KZMO (93.7 FM) is a radio station licensed to Fair Grove, Missouri, United States. It is owned by Zimmer Radio and airs a country music format known as 93.7 The Stage.

==History==
===KBFL at Buffalo High School===
This facility began as a 10-watt non-commercial educational radio station at Buffalo, Missouri. On January 14, 1965, the School District No. 1 Dallas County received a construction permit to build such a station on 91.3 MHz. The station began broadcasting September 6, 1965, as KBFL. It operated from Buffalo High School for 15 hours a day. At the time, it was the only high school radio station in Missouri. It offered local programming, news, sports coverage, and music to an area that had not previously had nighttime radio service. It moved to 90.3 MHz in 1967 with an effective radiated power of 1,160 watts. By 1973, 40 juniors and seniors were involved in station operations alongside five professional staffers, and it was the only high school radio station to be a member of NPR.
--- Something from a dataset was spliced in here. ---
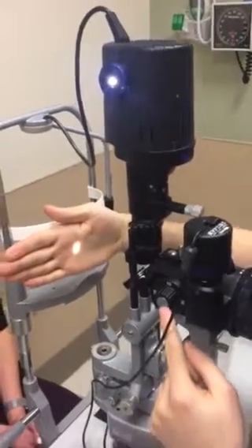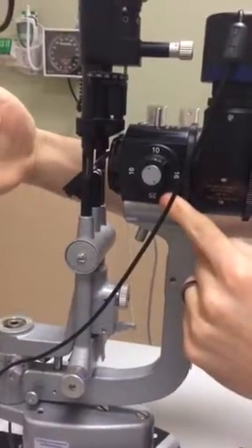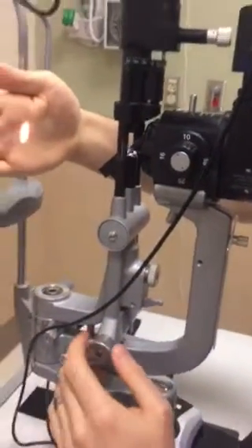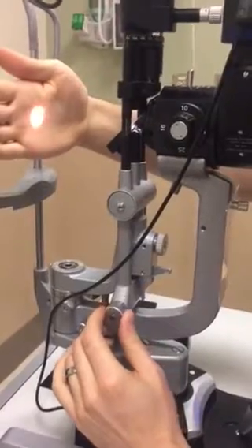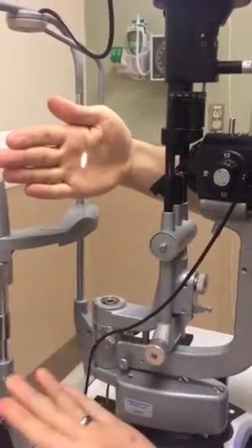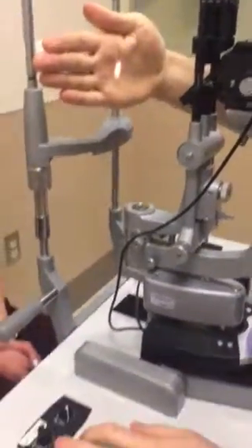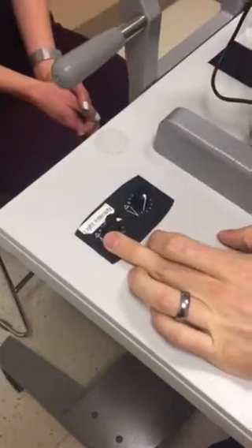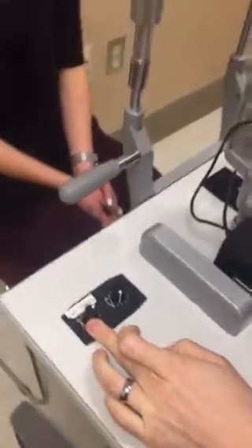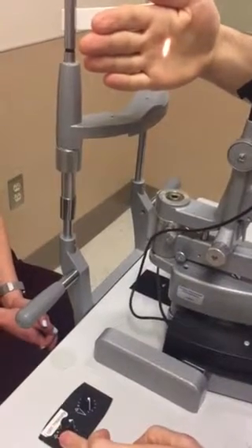Moving down, we have the magnification selector — you have 10, 16, and 25. It's most appropriate to start at 10. Moving down further, this controls the width of your beam: opening it up makes the beam wider, closing it makes it narrower — generally I have the beam narrower when I start. Additionally, you have the light intensity control down here. Somewhere in the middle is about right. When examining photophobic patients, turn the intensity down; when looking for anterior chamber cell and flare, turn the intensity all the way up.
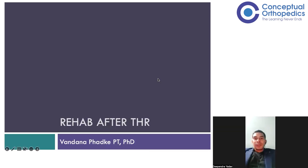Greetings everyone, I am Dr. Deependra from Conceptual Orthopedic, and I welcome you all in today's Connect session with Vandana Ma'am. Today Ma'am is going to talk about how to rehab after total hip replacement patients. I think this talk is going to be very useful to all of you, so without any more delay, I welcome you Ma'am and request you to start the presentation.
In the mid-1970s, the school board and station management disputed aspects of KBFL's operations, including editorial comment during newscasts. Station manager Wayne Lemons was transferred from the position by the school board in a surprise action. At the meeting where the school board rejected Lemons's attempt to get his job back, 400 of the 2,000 residents of Buffalo were in attendance.

KBFL's format varied based on student tastes. In 1984, it switched from a rock format to a more conservatively programmed format to increase listenership and revenue as budget cuts were necessary to reduce the school board's share of expenses, including dropping the NPR program carried by the station. In 1987, the school board applied to move KBFL-FM to 99.9 MHz and change its status to commercial. It hoped this would increase revenue by permitting full commercials and not just underwriting spots and improve the accuracy of job training for students. Another group, a couple from Olathe, Kansas, also applied for the frequency. The change in frequency and status took place in June 1989. During this time, the station aired country music, but student interest dwindled until it reinstated nighttime rock music.

===Private ownership===
In 1992, voters failed to approve a school tax levy for Dallas County. The board voted to sell KBFL and cut the teacher associated with the program. The Dallas County school district sold the station for $65,060 to Charles Burton, a former reporter for KOLR television in Springfield. By 2000, it was owned by Ken Meyer alongside KTXR (101.3 FM) and KWTO (560 AM).

On March 2, 2015, KBFL-FM flipped to the "Outlaw Nation" format; the Music of Your Life format moved to KBFL. However, due to the overwhelming response of the format, Meyer announced that "The Outlaw" had moved to sister station KTXR November 2, 2015. A new format launched on KBFL-FM on the same day: a simulcast of adult standards-formatted KBFL (1060 AM).

On July 24, 2020, it was announced that the Jock sports format on KBFL’s sister station KWTO-FM 98.7 would be moving to the KBFL frequencies and that the entire group of Meyer Communications owned radio stations were being purchased by Zimmer Midwest Communications. KBFL began simulcasting KWTO-FM on July 30.

On September 7, 2025, KBFL-FM moved from 99.9 MHz to 93.7 MHz; changed its city of license from Buffalo to Fair Grove; and changed its format from a simulcast of KBFL to country, branded as "93.7 The Stage", under new KZMO call letters.